§ WORK ORDER:
Please reproduce the lines from the one containing "Fahren Sie mit der Seilbahn durch Madrid" through the end of the data below exactly as they stand, and omit all pictures.

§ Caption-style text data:
::::

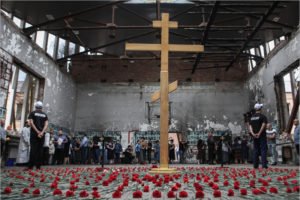 Митинги и уроки мужества проходят по всей России в память о жертвах теракта в Беслане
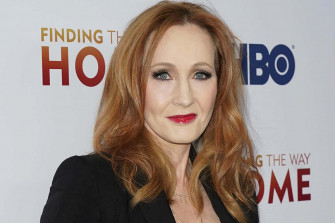 J K Rowling X Wallpaper 8396aqyrc6m87wbx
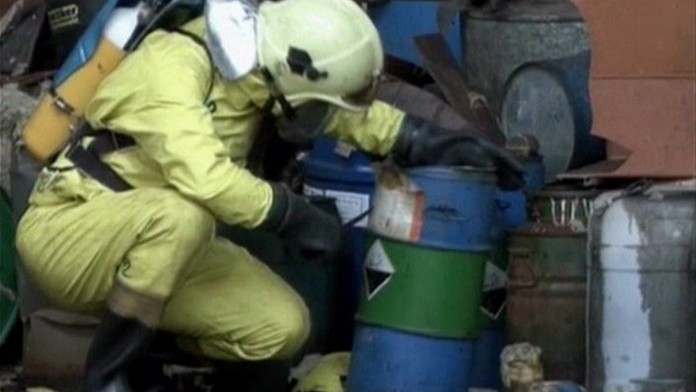 Ekologická bomba: ve skladu tikají tuny nebezpečných chemikálií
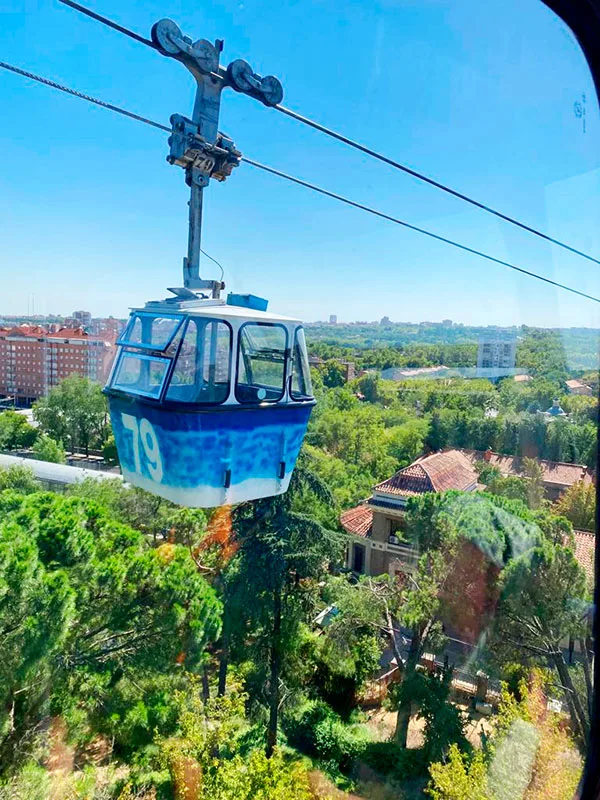 Fahren Sie mit der Seilbahn durch Madrid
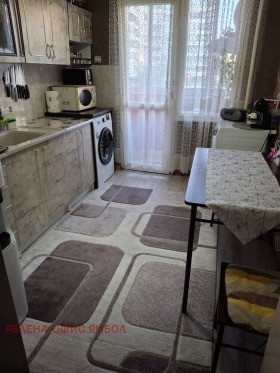 2 makuuhuonetta Georgi Benkovski, Jambol 4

::::

§ TASK OUTPUT:
 Fahren Sie mit der Seilbahn durch Madrid
 2 makuuhuonetta Georgi Benkovski, Jambol 4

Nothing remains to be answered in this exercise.